**Exercise aim:** For the records below, please print exactly and only the lines from the one with "Die WuH-Bande |" down to the one with "Yellow beach flower picture", both ends included, omitting the pictures.

**Data provided:**
"""

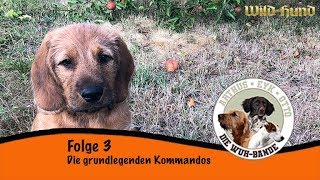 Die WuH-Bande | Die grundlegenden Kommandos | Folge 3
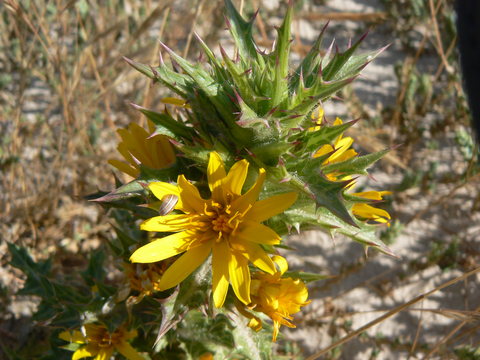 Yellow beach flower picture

"""
"""

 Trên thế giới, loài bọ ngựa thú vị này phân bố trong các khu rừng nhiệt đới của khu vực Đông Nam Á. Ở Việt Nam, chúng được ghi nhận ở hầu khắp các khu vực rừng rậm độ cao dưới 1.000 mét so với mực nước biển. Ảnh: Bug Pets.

"""
"""

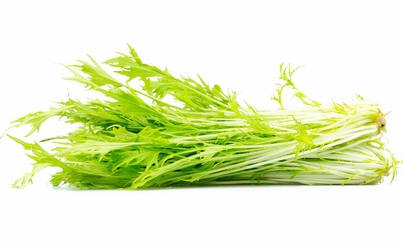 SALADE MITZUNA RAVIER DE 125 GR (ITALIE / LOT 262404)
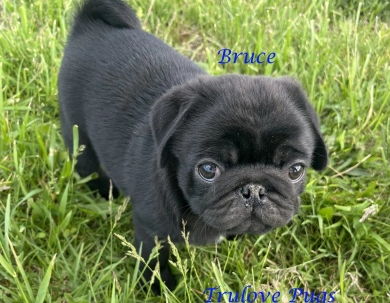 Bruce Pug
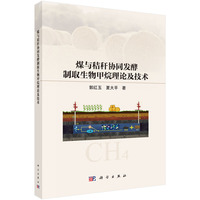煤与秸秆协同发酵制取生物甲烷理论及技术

"""

**Response to this exercise:**
 Die WuH-Bande | Die grundlegenden Kommandos | Folge 3
 Yellow beach flower picture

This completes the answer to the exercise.